Publications & Posters

Plasma Neurofilament Light Protein Correlates With Diffusion Tensor Imaging Metrics In Frontotemporal Dementia.

PLOS ONE

Spotorno N, Lindberg O, Nilsson C, Landqvist Waldö M, van Westen D, Nilsson K, Vestberg S, Englund E, Zetterberg H, Blennow K, Lätt J, Markus N, Lars-Olof W and Alexander S

PLoS One. 2020 Oct 27;15(10):e0236384

DOI: https://doi.org/10.1371/journal.pone.0236384

This study was peformed using a Simoa® Homebrew assay.

Abstract

Neurofilaments are structural components of neurons and are particularly abundant in highly myelinated axons. The levels of neurofilament light chain (NfL) in both cerebrospinal fluid (CSF) and plasma have been related to degeneration in several neurodegenerative conditions including frontotemporal dementia (FTD) and NfL is currently considered as the most promising diagnostic and prognostic fluid biomarker in FTD. Although the location and function of filaments in the healthy nervous system suggests a link between increased NfL and white matter degeneration, such a claim has not been fully elucidated in vivo, especially in the context of FTD. The present study provides evidence of an association between the plasma levels of NfL and white matter involvement in behavioral variant FTD (bvFTD) by relating plasma concentration of NfL to diffusion tensor imaging (DTI) metrics in a group of 20 bvFTD patients. The results of both voxel-wise and tract specific analysis showed that increased plasma NfL concentration is associated with a reduction in fractional anisotropy (FA) in a widespread set of white matter tracts including the superior longitudinal fasciculus, the fronto-occipital fasciculus the anterior thalamic radiation and the dorsal cingulum bundle.
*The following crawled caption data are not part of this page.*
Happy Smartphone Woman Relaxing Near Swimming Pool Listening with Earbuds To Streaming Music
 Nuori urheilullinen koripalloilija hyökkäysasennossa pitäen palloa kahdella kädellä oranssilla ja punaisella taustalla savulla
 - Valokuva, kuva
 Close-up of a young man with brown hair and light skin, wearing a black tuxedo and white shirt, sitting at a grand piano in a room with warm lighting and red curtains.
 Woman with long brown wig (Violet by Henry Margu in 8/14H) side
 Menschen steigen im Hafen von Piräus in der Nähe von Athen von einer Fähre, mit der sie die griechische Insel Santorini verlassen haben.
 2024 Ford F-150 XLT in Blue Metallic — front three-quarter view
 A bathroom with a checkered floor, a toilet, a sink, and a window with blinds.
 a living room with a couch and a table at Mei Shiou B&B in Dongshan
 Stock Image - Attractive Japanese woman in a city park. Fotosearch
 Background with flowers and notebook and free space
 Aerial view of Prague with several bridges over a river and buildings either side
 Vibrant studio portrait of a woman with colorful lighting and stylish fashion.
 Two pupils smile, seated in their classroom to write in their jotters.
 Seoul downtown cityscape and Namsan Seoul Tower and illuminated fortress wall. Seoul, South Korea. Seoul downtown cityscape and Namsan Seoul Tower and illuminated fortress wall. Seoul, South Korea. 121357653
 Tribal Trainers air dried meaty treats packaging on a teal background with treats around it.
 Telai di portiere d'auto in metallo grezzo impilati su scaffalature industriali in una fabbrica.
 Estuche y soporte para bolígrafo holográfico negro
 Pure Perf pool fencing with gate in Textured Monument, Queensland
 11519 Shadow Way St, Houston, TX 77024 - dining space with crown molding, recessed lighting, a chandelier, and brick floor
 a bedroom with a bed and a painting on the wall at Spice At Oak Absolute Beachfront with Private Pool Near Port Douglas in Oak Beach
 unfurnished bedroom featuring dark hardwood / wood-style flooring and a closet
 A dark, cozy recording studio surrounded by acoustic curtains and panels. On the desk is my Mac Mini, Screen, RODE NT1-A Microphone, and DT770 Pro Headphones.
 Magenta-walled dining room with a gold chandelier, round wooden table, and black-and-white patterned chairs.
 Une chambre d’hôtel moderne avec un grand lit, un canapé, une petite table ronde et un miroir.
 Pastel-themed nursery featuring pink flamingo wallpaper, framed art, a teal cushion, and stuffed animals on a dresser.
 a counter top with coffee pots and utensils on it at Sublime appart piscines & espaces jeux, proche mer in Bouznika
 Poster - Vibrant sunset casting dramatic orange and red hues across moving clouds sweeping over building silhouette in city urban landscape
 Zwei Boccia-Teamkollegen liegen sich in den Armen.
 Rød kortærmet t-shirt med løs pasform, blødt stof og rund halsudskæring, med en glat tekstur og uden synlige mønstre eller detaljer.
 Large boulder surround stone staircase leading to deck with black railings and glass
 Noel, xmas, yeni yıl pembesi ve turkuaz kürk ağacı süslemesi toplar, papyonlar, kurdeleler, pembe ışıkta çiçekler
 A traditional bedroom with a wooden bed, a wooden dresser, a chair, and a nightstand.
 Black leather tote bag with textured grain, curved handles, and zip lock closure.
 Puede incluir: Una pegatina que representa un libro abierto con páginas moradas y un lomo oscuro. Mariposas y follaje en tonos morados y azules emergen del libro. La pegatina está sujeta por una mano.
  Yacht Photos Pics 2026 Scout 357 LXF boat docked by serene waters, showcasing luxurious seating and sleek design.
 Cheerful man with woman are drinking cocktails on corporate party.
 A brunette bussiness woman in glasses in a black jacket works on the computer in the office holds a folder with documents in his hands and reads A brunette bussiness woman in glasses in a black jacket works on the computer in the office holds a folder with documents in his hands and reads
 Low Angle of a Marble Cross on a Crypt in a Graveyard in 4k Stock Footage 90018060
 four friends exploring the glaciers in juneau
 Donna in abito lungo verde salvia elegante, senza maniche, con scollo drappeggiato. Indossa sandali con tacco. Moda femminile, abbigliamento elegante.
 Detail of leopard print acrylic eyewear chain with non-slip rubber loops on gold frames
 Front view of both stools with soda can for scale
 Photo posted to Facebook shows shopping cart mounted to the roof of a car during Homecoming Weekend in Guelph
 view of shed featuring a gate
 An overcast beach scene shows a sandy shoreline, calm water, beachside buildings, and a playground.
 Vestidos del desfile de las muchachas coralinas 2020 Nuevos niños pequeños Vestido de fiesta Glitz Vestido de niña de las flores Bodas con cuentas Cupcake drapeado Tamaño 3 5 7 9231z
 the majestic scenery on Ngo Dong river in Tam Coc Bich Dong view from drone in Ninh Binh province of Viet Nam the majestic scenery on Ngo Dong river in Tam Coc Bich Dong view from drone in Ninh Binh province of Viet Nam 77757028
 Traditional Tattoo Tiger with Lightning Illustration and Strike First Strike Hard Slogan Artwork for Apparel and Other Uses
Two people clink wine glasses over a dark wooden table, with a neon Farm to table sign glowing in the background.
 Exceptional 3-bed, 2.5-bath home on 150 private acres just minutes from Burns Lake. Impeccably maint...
Plasma NfL concentration also correlated with cortical thinning in a portion of the right medial prefrontal cortex and of the right lateral orbitofrontal cortex. These results support the hypothesis that blood NfL levels reflect the global level of neurodegeneration in bvFTD and help to advance our understanding of the association between this blood biomarker for FTD and the disease process.